Repeat the stretch of entries below from the line with "герыч Верхнеуральск" through the line with "本科室内设计基础简历模板". Include both ends and add nothing.

[Data records]
%%

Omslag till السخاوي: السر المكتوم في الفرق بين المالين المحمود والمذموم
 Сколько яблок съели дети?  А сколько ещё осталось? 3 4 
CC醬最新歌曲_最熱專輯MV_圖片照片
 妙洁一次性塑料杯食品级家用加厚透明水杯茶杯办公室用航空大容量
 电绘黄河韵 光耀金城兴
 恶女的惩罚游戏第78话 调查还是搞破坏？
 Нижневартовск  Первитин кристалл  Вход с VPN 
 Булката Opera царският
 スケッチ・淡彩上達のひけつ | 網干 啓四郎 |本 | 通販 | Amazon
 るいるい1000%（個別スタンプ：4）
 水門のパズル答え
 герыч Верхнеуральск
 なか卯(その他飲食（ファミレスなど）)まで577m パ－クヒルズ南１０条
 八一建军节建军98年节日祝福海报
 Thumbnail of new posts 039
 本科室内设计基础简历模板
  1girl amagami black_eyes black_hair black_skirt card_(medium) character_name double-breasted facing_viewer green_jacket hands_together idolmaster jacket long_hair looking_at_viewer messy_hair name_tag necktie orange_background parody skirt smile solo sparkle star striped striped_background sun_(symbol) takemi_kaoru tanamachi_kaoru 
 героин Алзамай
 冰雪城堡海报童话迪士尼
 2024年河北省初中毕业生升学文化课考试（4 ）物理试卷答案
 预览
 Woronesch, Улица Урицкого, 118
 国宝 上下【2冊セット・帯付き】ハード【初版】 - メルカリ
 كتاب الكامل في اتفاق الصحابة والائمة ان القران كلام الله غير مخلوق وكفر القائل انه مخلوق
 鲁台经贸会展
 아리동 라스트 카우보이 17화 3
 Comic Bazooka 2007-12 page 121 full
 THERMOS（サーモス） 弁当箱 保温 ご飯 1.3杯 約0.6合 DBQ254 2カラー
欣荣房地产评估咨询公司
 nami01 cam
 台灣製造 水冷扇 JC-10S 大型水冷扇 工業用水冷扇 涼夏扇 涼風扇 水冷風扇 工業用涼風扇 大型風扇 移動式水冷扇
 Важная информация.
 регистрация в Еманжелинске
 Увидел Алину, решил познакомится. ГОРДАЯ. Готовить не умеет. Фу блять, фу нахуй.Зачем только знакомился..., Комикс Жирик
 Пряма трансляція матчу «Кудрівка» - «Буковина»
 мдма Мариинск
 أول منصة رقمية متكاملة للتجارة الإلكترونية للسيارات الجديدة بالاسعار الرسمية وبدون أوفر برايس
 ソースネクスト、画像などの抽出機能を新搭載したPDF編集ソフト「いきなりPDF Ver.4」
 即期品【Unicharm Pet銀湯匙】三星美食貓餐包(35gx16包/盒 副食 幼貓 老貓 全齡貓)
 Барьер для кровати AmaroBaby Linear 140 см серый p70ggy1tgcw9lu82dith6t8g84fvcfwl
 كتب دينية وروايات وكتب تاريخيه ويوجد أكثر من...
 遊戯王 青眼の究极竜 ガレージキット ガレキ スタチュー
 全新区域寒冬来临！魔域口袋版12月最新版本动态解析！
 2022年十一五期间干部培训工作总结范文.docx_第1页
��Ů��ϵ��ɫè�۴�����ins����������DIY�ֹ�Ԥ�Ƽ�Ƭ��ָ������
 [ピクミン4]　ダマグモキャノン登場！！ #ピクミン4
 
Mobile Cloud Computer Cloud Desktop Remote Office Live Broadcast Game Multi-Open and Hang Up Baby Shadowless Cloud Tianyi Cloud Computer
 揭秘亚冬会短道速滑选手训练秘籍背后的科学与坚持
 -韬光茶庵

%%

- [OUTPUT OF THE TASK]
 герыч Верхнеуральск
 なか卯(その他飲食（ファミレスなど）)まで577m パ－クヒルズ南１０条
 八一建军节建军98年节日祝福海报
 Thumbnail of new posts 039
 本科室内设计基础简历模板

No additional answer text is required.